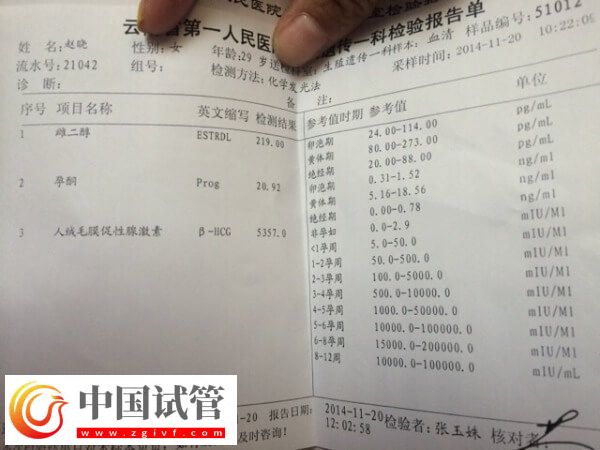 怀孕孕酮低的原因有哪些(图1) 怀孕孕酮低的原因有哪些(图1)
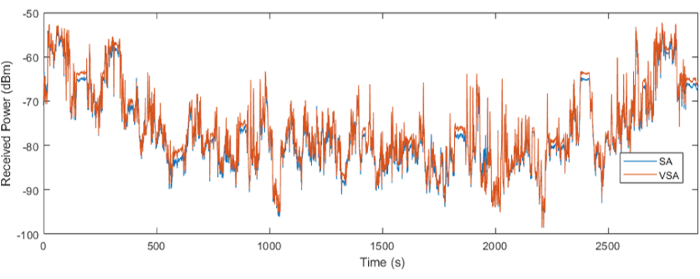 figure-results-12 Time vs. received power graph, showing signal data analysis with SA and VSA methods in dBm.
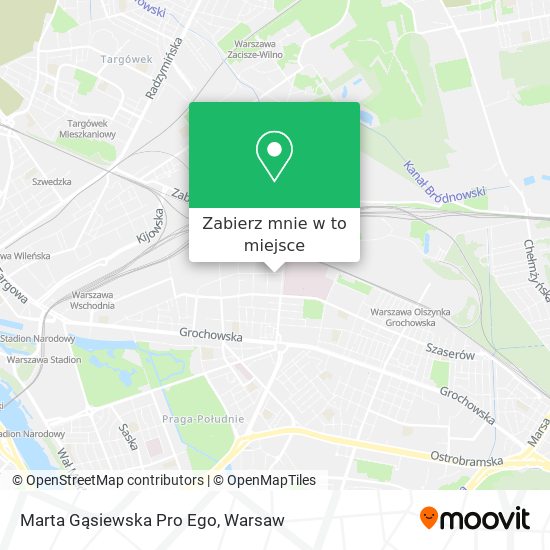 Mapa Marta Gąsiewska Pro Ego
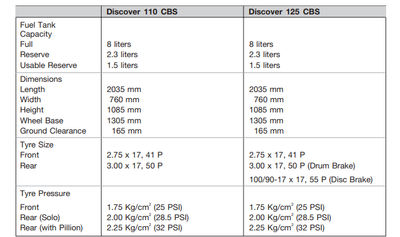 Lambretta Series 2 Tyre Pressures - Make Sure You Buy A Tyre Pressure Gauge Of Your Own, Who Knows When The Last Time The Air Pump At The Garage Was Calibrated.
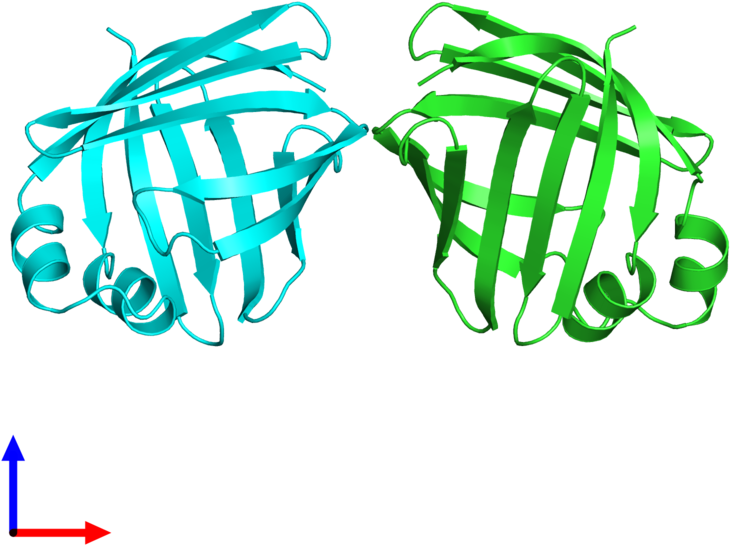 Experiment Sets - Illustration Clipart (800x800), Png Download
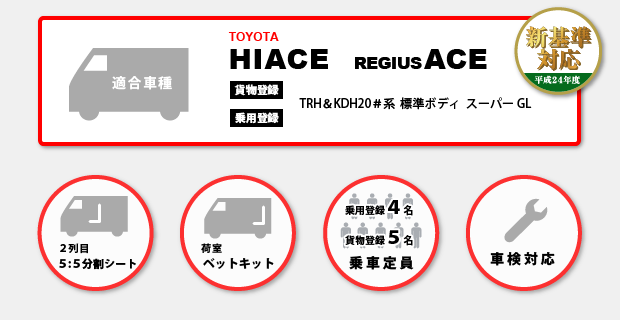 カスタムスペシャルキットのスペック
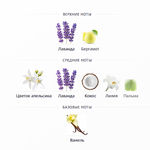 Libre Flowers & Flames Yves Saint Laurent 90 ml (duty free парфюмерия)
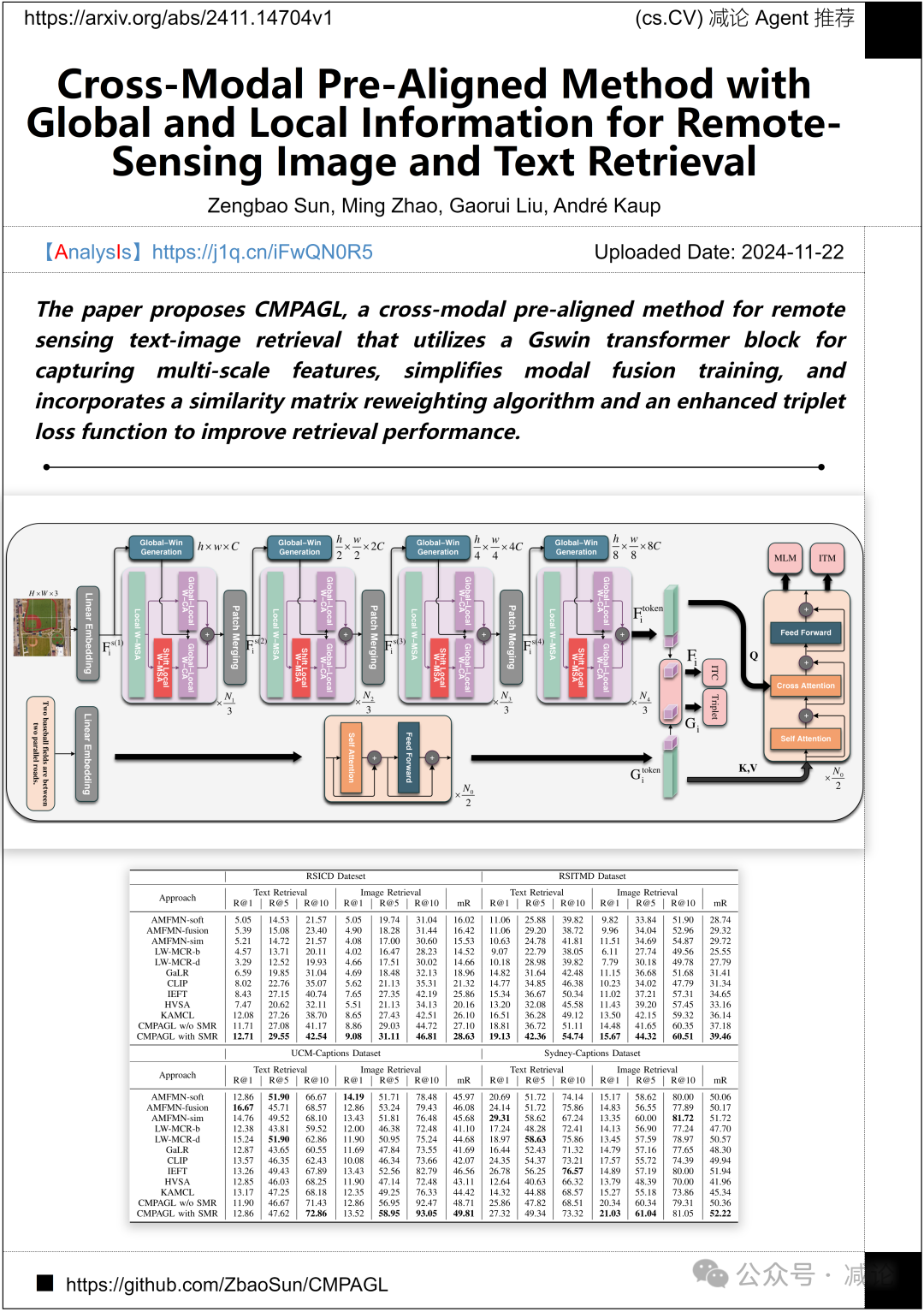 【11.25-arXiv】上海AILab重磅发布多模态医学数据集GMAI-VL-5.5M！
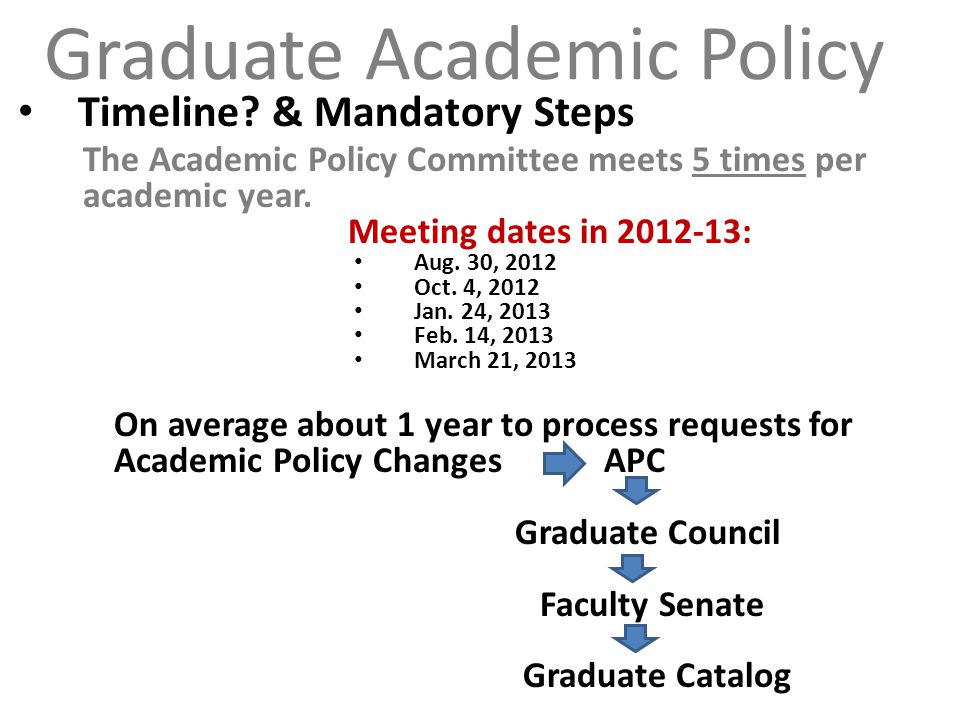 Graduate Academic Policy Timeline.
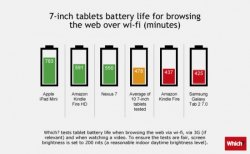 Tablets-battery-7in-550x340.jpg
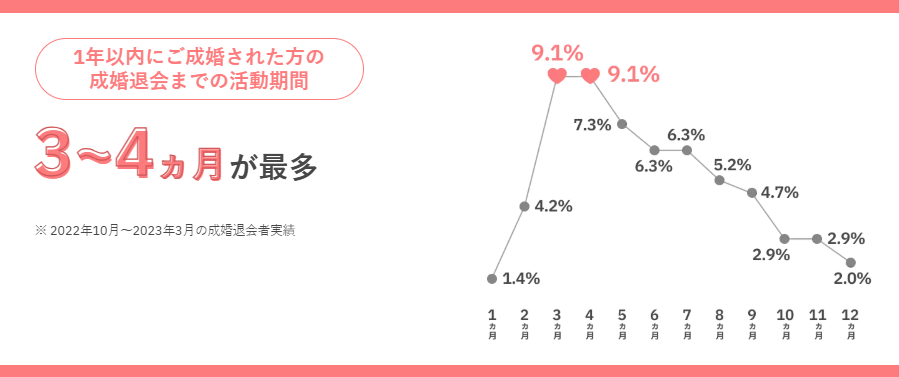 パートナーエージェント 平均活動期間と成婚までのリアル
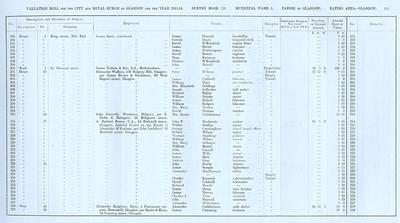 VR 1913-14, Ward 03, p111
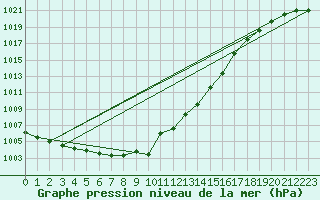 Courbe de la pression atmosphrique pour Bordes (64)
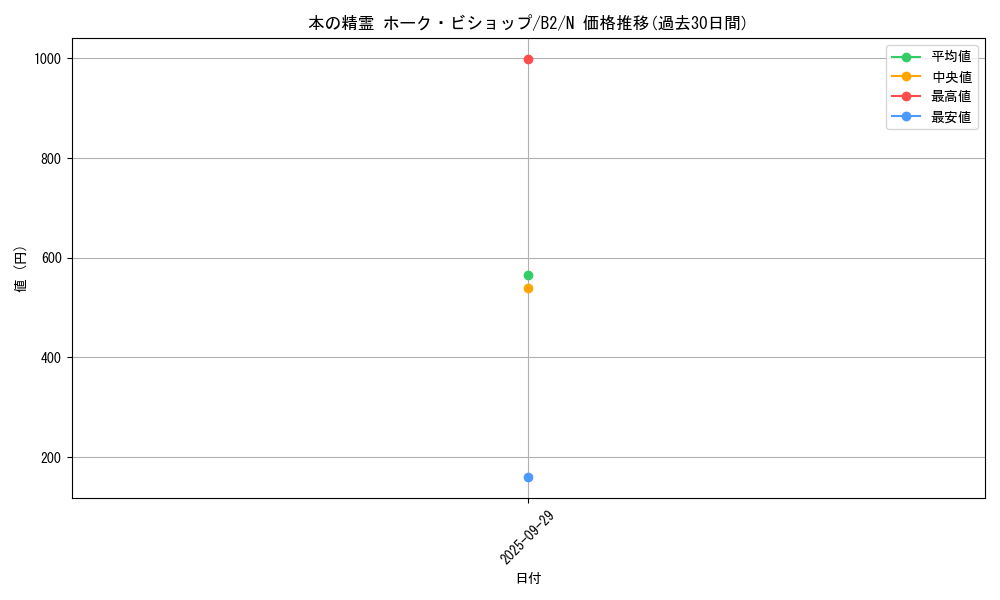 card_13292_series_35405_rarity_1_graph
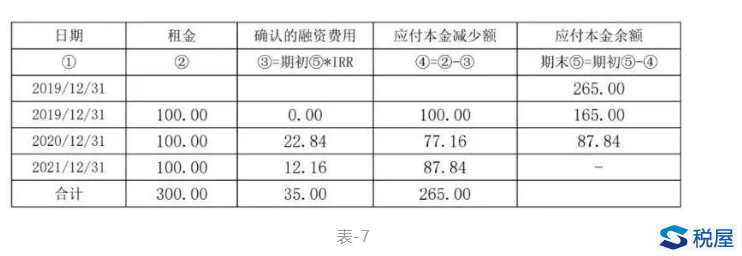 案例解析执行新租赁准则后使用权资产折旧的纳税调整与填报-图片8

----

What the exercise asks
Copy nothing but the lines from the line that contains "VR 1913-14, Ward 03, p111" through the end of the listing, exactly, and keep pictures out of it.

Written answer
 VR 1913-14, Ward 03, p111
 Courbe de la pression atmosphrique pour Bordes (64)
 card_13292_series_35405_rarity_1_graph
 案例解析执行新租赁准则后使用权资产折旧的纳税调整与填报-图片8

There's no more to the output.